Maybe the greatest untapped resource among us is the ministry of those whom society treats as casualties, or the ignored nobodies? We often think in terms of “what can we do for them?” which assumes that we are in the lofty position over them. Jesus put himself beside people, not above them. Jesus was ready to gratefully allow them to help him.

 

He did the same thing with another woman in another place. At the dinner party of Simon the Pharisee, when Jesus allowed a prostitute to gatecrash the event, kneel and his feet, wash them with tears, and wipe them with her perfumed hair. The so-called nobodies have something to offer us, if we would only get down off our high and mighty attitude. The causalities of life can bless us, if we permit them.

 

Jesus said to the outcaste woman, Will you give me a drink?”

 

That empowered her enough to respond: “How come, that you a Jew, as me, a Samaritan woman, for a drink?” The encounter of the seventh kind is on; the dialogue has begun, with the woman already cast by Jesus as one who has something to offer him.

 

A LIFE-CHANGING DIALOGUE

 

Having given her some dignity, Jesus is able to offer her something: the riddle of the living water.

 

“If you could understand who it is who is talking with you, you would ask me for a drink of living water, welling up with abundant life.”

 

The woman responds: “How? You have no bucket or pitcher. This well is deep. Do you reckon you are greater than our ancestor Jacob who dug this well?”

 

I hear no evasion in this question. No verbal fencing. Just honest puzzlement. The encounter of the seventh kind is moving into the depths of spiritual mystery and wonder.

 

Jesus answers by affirming that what he has to offer will be like a spring of clear water bubbling up from her heart with eternal life. The woman whose own heart feels shrunken and dry cries out: “Sir, please give it to me”

 

At this point Jesus appears to change the subject. I say “appears” because in fact he is opening up the sad story of her life, its many rejections, and her ongoing misery.  Woman, go and call your husband.”

 

Without any evasion, she responds with the truth. “I have no husband.”

 

How you and I react to what follows, will depend on how we picture Jesus at this moment. Whether we see him as wagging a reproving finger at a wicked woman, or compassionately responding to her honesty. No finger wagging for me. I picture Jesus looking at her with love and respect.

 

You have told me the very truth. Five husbands have divorced you and the man with whom you are living at this moment is not your husband.”

 

At this point the woman becomes alarmed. It is a scary thing to meet someone who seems to openly care about you and is willing to get personal about your private hurts. To admit your wounds even to a loving counsellor is not always a welcome thing.  We would rather try diversion.

 

The woman does try to change the subject. She attempts to move the focus off her and on to the safe topic of abstract religious discussion. Better this than allow this perceptive man to probe any deeper into her tender wounds.

 

There are significant differences between Jewish beliefs and those of Samaritans. She grabs for one of them to divert the attention away from herself.

 

     Sir, I can see you are a prophet. Our ancestors worshipped on this mountain. But you Jews claim that Jerusalem is the correct place to worship.

 

It is a cunning move, and a lesser pastor than Jesus may have been diverted. Jesus will have none of it. He takes up the word worship and moves back to issues of truth and sincerity.

 

     Dear woman, forget about this mountain or that. God is not confined to places or     religions.

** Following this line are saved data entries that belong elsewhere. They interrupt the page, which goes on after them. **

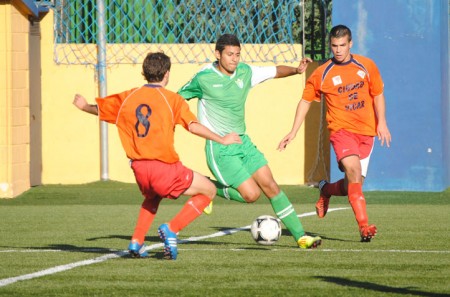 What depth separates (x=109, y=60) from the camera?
1802cm

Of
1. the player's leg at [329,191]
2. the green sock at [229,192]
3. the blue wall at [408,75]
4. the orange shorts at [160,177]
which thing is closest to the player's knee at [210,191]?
the orange shorts at [160,177]

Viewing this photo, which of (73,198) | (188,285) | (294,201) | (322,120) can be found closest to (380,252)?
(188,285)

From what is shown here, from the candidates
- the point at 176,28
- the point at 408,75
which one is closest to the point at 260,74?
the point at 408,75

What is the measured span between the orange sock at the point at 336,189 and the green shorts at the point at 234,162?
1.17 meters

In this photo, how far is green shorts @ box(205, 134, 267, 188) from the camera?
31.9 feet

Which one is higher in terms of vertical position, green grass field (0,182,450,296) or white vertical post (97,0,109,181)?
white vertical post (97,0,109,181)

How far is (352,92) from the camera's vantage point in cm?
1041

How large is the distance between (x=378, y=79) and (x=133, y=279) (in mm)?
3822

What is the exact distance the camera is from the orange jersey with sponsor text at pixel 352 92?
10.4 meters

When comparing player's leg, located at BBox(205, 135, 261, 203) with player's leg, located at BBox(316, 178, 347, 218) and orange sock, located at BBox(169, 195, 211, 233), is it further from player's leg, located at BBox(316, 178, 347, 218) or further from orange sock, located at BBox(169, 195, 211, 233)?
player's leg, located at BBox(316, 178, 347, 218)

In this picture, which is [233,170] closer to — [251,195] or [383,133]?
[251,195]

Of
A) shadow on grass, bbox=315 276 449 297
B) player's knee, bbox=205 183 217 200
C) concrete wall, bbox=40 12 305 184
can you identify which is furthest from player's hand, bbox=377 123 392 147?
concrete wall, bbox=40 12 305 184

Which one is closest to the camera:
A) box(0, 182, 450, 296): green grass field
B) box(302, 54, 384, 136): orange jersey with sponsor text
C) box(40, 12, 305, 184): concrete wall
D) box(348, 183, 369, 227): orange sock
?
box(0, 182, 450, 296): green grass field

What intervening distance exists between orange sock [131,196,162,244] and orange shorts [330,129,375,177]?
6.90 ft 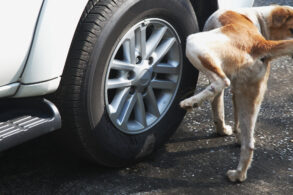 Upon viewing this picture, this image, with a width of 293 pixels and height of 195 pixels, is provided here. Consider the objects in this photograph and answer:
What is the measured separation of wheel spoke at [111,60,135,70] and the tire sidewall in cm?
8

      God is Spirit and those who worship him must worship in spirit and in truth.”

 

The Samaritan woman can’t quite understand what Jesus is getting at. So she speaks of her belief that God will one day send a Messiah who will make all things plain.

     I know that the Messiah is coming. When he comes, he will explain all things.”

 

Very gently but firmly Jesus responds:

     I who am speaking to you, I am that Messiah”

 

THE DISCIPLES RETURN

 

At this point John tells us that the disciples returned from the village. They were surprised to see him speaking with such a woman. It made them feel awkward. Embarrassed.

 

They could understand that God loved respectable people, and they would expect to find Jesus in their company. But how could he tolerate the company of the disreputable! In this situation, a case of threefold disrepute! A Samaritan, a woman, and the village sinner?

 

The disciples felt ill at ease in the presence of an encounter of the seventh kind. Like many converts, they saw themselves a cut above the other outsiders whom Christ came to seek and save. I suspect we sometimes feel the same way. We become ill at ease with encounters of the seventh kind, where the grace of Christ is breaking down barriers, flouting notions of respectability.

 

We are glad that his open arms have included us. But after a while we become smug, and a bit self righteous. Then we get uncomfortable whenever Christ includes outsiders and invites them to sit at his Table, and eat the same bread and drink for the same cup.

 

THE WOMAN’S RESPONSE

 

The story of “The woman of Samaria” concludes with the woman going back into her town and witnessing to the people about Jesus, the Messiah.

 

Isn’t that amazing?  This scorned woman, who a hour before slipped out of the town like a moral leper in order to draw water from the well, now had the confidence to go back with her head held high, and preach to the people who had despised her.

 

This encounter of the seventh kind had given her back her self respect.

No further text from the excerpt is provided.